* [WHAT TO PRODUCE]: Omit every picture, then give all the entries again exactly.

* [DATA TO USE]:
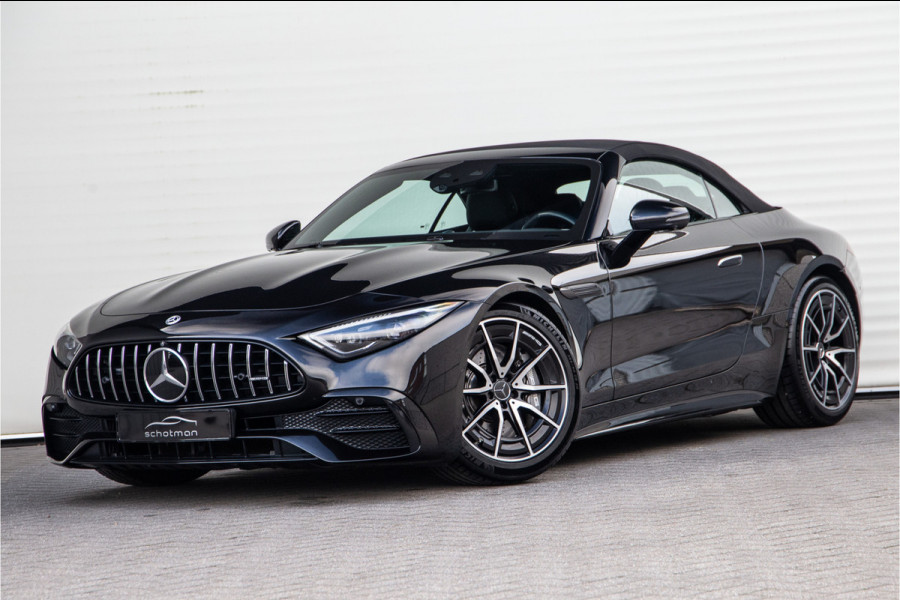 Mercedes-Benz SL-Klasse Roadster AMG 43 Premium Plus, Massage, Burmester, Distronic, Nappa Leder, 2023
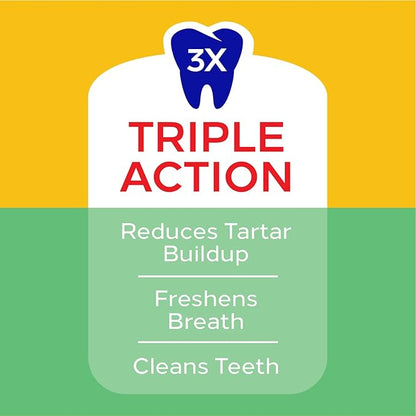 PEDIGREE DENTASTIX Fresh Dogs Treats, Large, 6 Count (Pack of 14) - PAWPICO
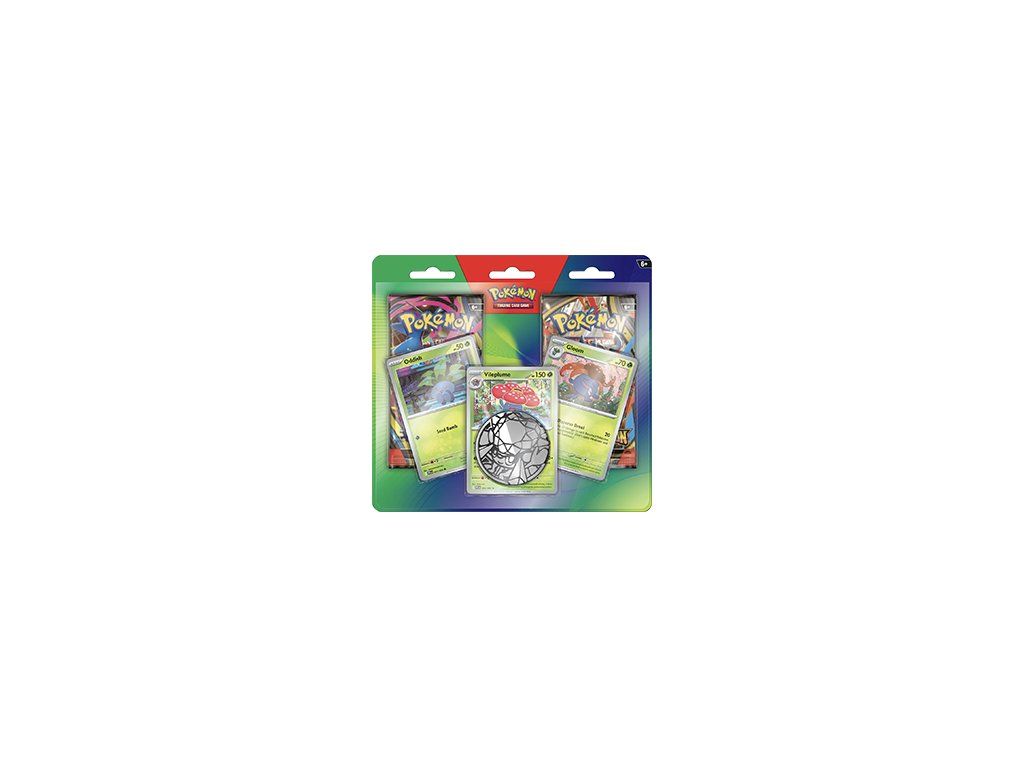 Pokémon TCG: Mega Evolution – Enhanced 2-Pack Blister Vileplume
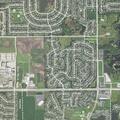 Person experiencing abdominal pain in Huntley home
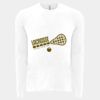 6411 - Next Level Unisex Sueded Long-Sleeve Crew Thumbnail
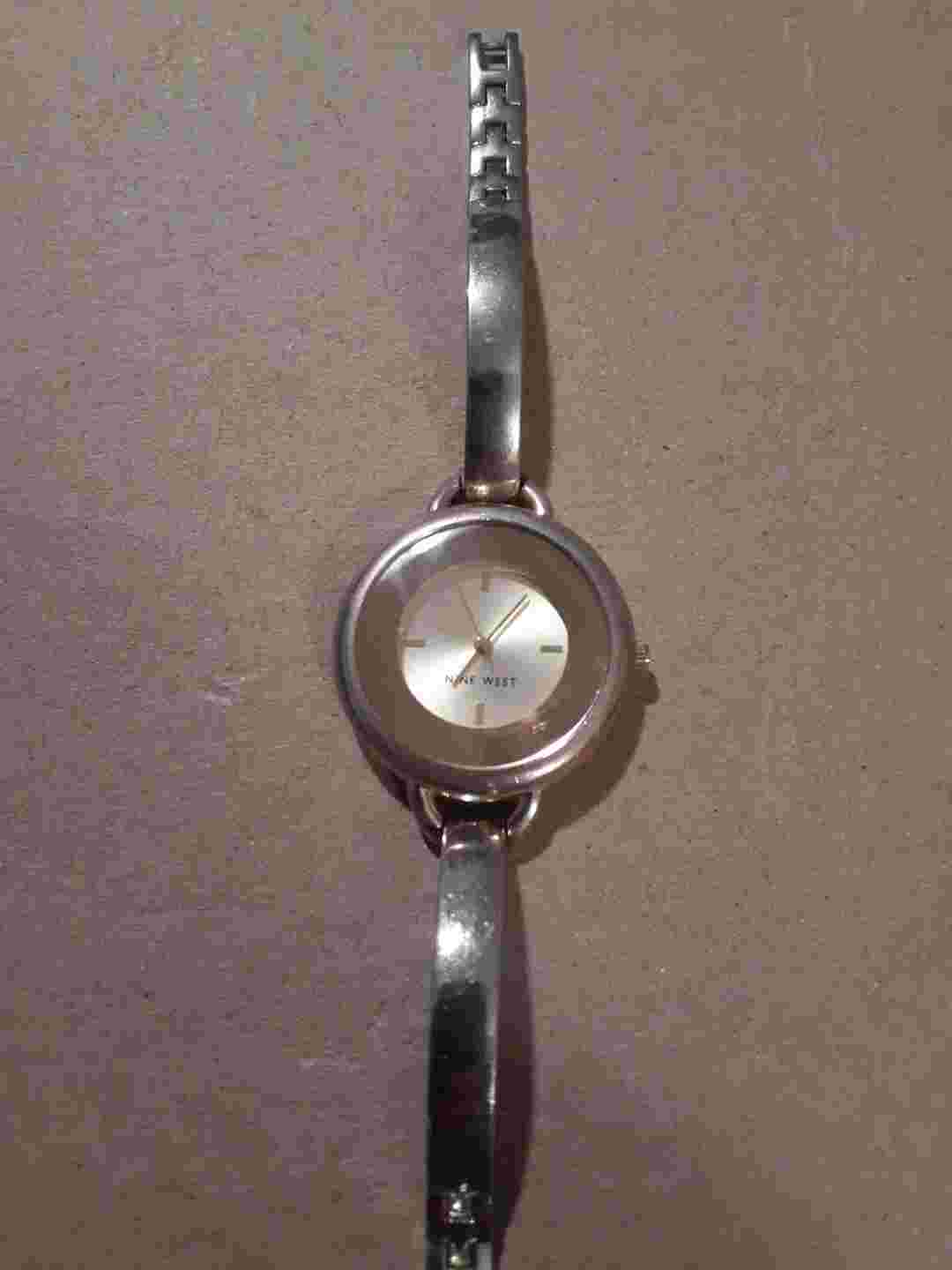 Nine West Wrist Watch. Rare Beautiful New Battery Works Great!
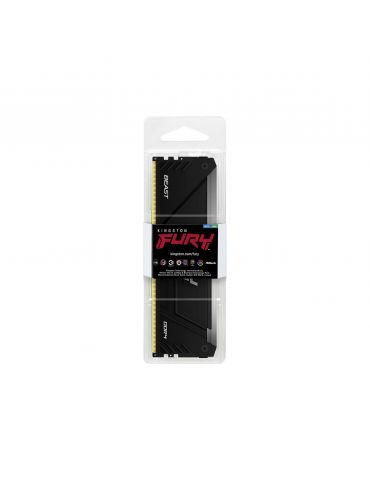 Kingston Technology FURY Beast RGB module de memorie 8 Giga Bites 1 x 8 Giga Bites DDR4 3600 MT s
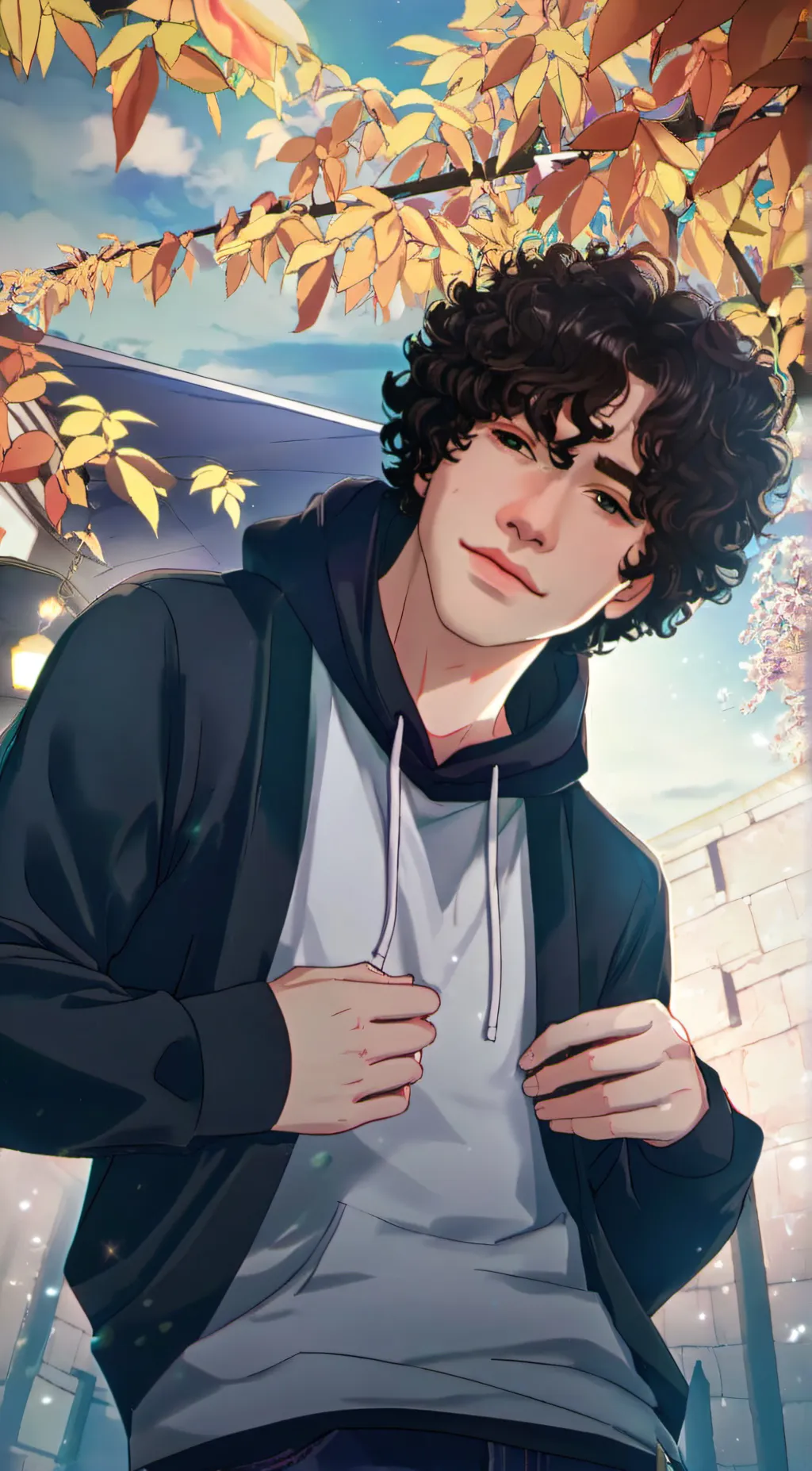 ai character: (ADRIAN) background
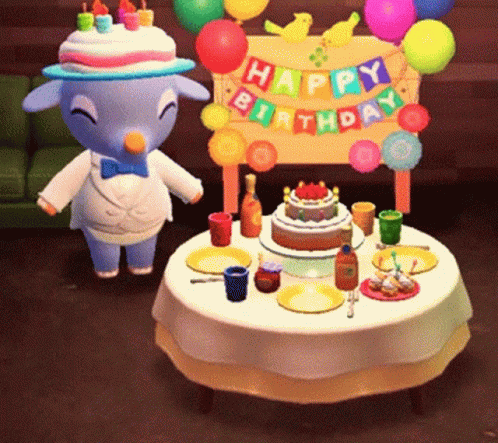 Dizzy Elephant GIF
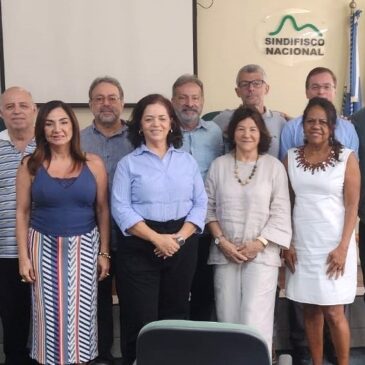Nova diretoria da DS/Rio toma posse e realiza primeira reunião de trabalho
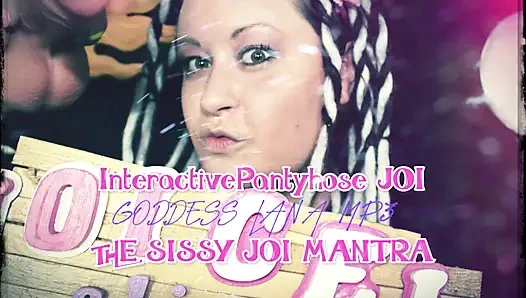 AUDIO ONLY - Interactive pantyhose JOI the sissy JOI mantra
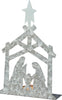 Primitives by Kathy - Christmas Manger Nativity Stand Up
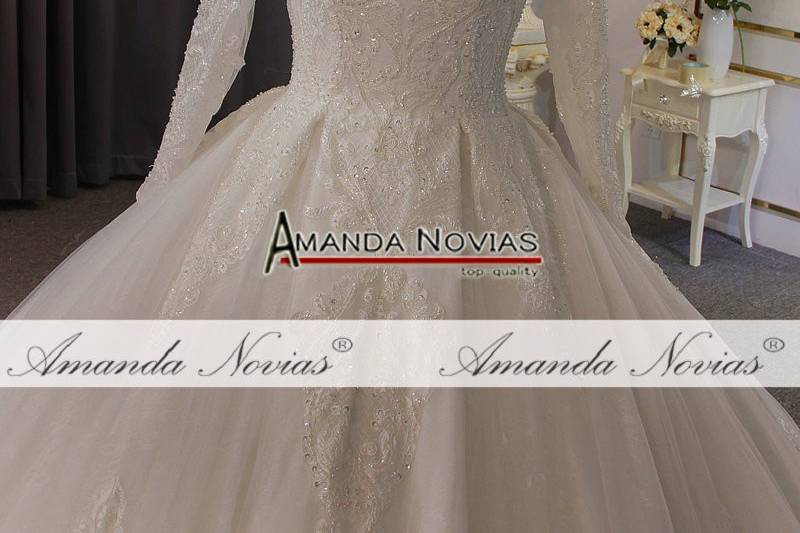 2020 amanda novias collection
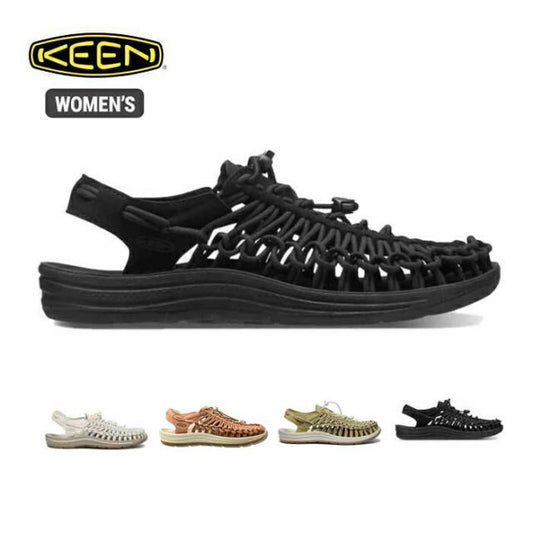 キーン サンダル レディース uneek ユニーク KEEN スニーカー 女性  (240304)
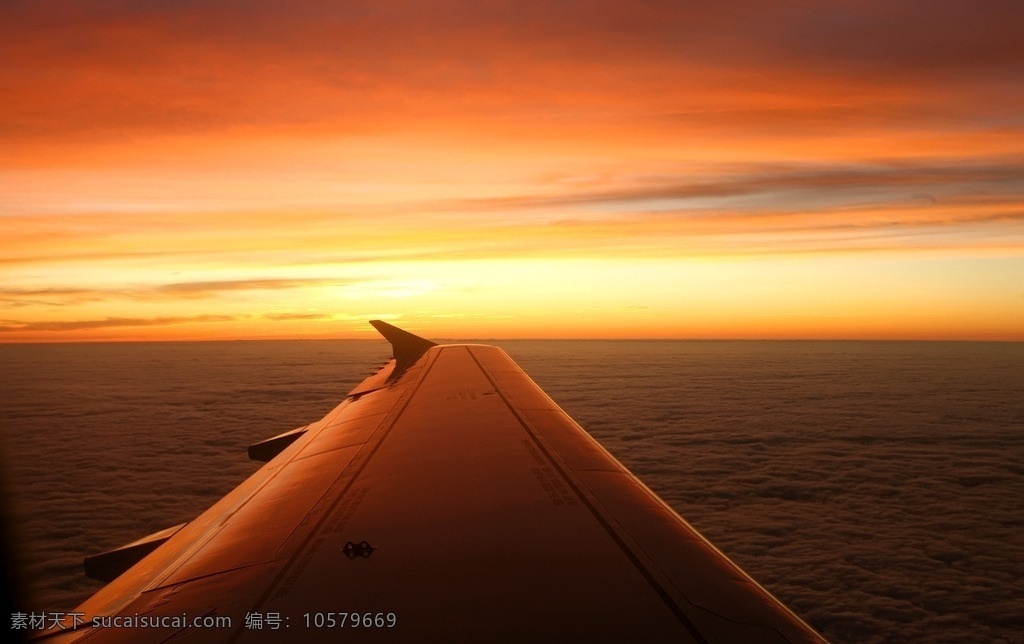 黄昏机翼 美丽风光 风光摄影 夕阳美景 机翼 飞机 暮色 余晖 日落 晚霞 霞光 云彩 摄影素材 景色素材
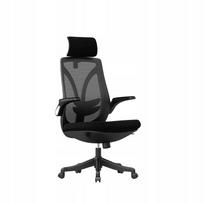 Biuro kėdė Spacetronik ergonomiška juoda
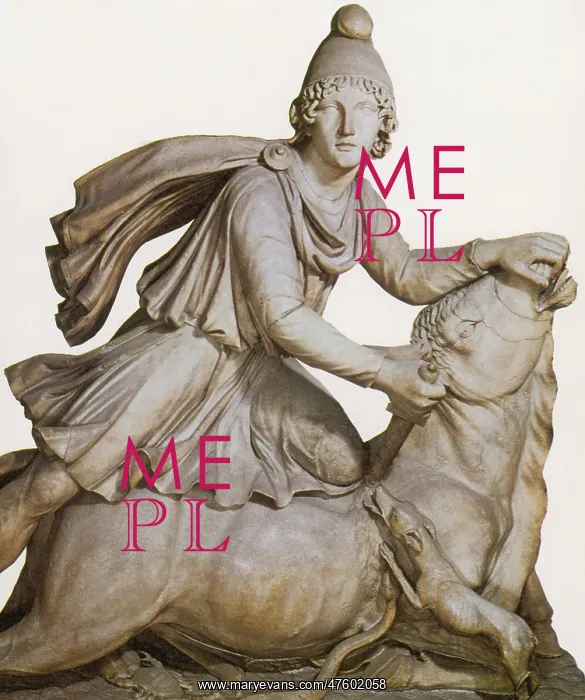 : Mithras Slaying the Great Bull : Mithras Slaying the Great Bull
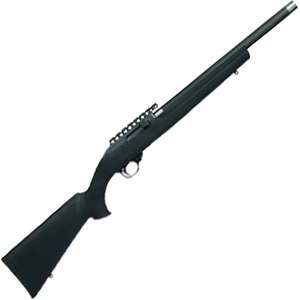 Magnum Research MagnumLite Black Hogue Semi Automatic Rifle - 22 Long Rifle
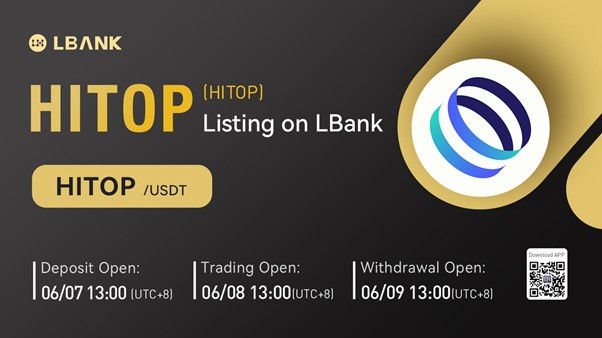 LBank Exchange Will List HITOP on June 8, 2022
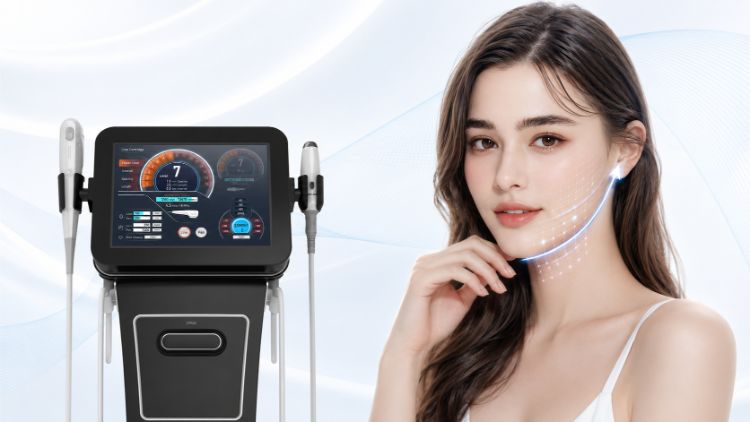 HIFU hỗ trợ nâng đỡ mô mềm khi vùng hàm bắt đầu chùng nhẹ
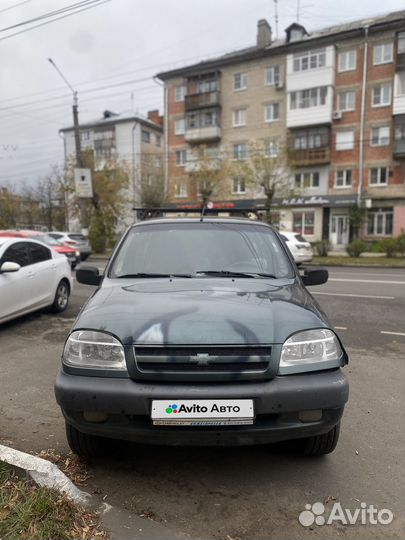 Chevrolet Niva 1.7 МТ, 2006, 200 000 км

* [ANSWER BOX]:
 Mercedes-Benz SL-Klasse Roadster AMG 43 Premium Plus, Massage, Burmester, Distronic, Nappa Leder, 2023
 PEDIGREE DENTASTIX Fresh Dogs Treats, Large, 6 Count (Pack of 14) - PAWPICO
 Pokémon TCG: Mega Evolution – Enhanced 2-Pack Blister Vileplume
 Person experiencing abdominal pain in Huntley home
 6411 - Next Level Unisex Sueded Long-Sleeve Crew Thumbnail
 Nine West Wrist Watch. Rare Beautiful New Battery Works Great!
 Kingston Technology FURY Beast RGB module de memorie 8 Giga Bites 1 x 8 Giga Bites DDR4 3600 MT s
 ai character: (ADRIAN) background
 Dizzy Elephant GIF
Nova diretoria da DS/Rio toma posse e realiza primeira reunião de trabalho
 AUDIO ONLY - Interactive pantyhose JOI the sissy JOI mantra
 Primitives by Kathy - Christmas Manger Nativity Stand Up
 2020 amanda novias collection
 キーン サンダル レディース uneek ユニーク KEEN スニーカー 女性  (240304)
 黄昏机翼 美丽风光 风光摄影 夕阳美景 机翼 飞机 暮色 余晖 日落 晚霞 霞光 云彩 摄影素材 景色素材
 Biuro kėdė Spacetronik ergonomiška juoda
 : Mithras Slaying the Great Bull : Mithras Slaying the Great Bull
 Magnum Research MagnumLite Black Hogue Semi Automatic Rifle - 22 Long Rifle
 LBank Exchange Will List HITOP on June 8, 2022
 HIFU hỗ trợ nâng đỡ mô mềm khi vùng hàm bắt đầu chùng nhẹ
 Chevrolet Niva 1.7 МТ, 2006, 200 000 км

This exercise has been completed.